Archive for the ‘Thirty Books in Thirty Days’ Category

Book 30: Little Brother

Monday, November 30th, 2009

Title: Little Brother
Author: Cory Doctorow
Genre: Science Fiction

Not only is Little Brother the most important book I’ve read this month, it may well be the most important book I’ve read in ten years.

I have always found Cory Doctorow’s work both entertaining and thought provoking. Little Brother is all that and more. It’s a great story that shows (rather than tells) us how important our civil rights are, both online and in real life, through Marcus, a cocky, seventeen-year-old hacker who finds himself in the wrong place at the wrong time. After a traumatizing detention with the Department of Homeland Security, Marcus finds that his entire city is turned into a police state that makes his school’s intrusive security practices look like a pre-9/11 Canadian border. He turns his hacking skills toward creating an underground network intended for his peers by hacking his Xbox. His efforts to exploit weaknesses in DHS security escalate into a cyber arms race with the feds.

It’s not easy to work an explanation of the false-positive paradox, public-key cryptography, or DNS tunnelling into a work of fiction, let alone an explanation that most people could understand and not yawn halfway through. More than any other fiction genre, SF is likely to suffer from the fact that a) the science aspects require a lot of exposition, and b) it’s hard to understand the story of you don’t understand the science. Doctorow has actually managed to get around this in that you can still enjoy the story if the technical exposition doesn’t quite make sense to you.

But more importantly, this book brings up a lot of ideas that are important for kids to know and think about, especially kids who take it for granted that schools can force them to walk through metal detectors into camera-monitored classrooms; search their lockers, backpacks, and persons without a warrant; and expel them for heinous offenses such as possession of aspirin or diabetes supplies. If this is their normal environment, what will they be willing to accept when they’re out of school? We adults ought to be pondering the implications of that carefully, given that a lot of high school kids will be able to vote in the next election.

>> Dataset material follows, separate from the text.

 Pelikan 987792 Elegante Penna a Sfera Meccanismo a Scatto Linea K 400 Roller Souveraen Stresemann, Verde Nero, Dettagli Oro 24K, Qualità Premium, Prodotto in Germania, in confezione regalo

Another point that Doctorow slips in is how much we really own our tech toys. iPhones and Xboxes come with security measures to ensure that we can only load manufacturer-approved software on devices that we have not only paid for, but that we continue to pay to use. Sure there are hacks out there, and there’s always going to be a hacker who enjoys cracking those systems. But we all take it for granted that manufacturers can lock the devices down in the first place. Doctorow points out that most security doesn’t actually make us more secure. (I took this point to heart in particular. On the day I started reading Little Brother, someone used my home address and phone number to create a false email and eBay account and make a major purchase using one of my credit cards.) Hackers—and those of us who are paying attention—have always known this, and it’s often not hard to spot the weaknesses in a security setup.

Finally, the author makes is perfectly clear that the best defense is a good offense. Knowing how to program is a useful skill, but it’s more important to agitate for cyber rights and the freedom of information. He points out that we actually used to have “illegal math” (cryptography) in the U.S., and not that long ago, either.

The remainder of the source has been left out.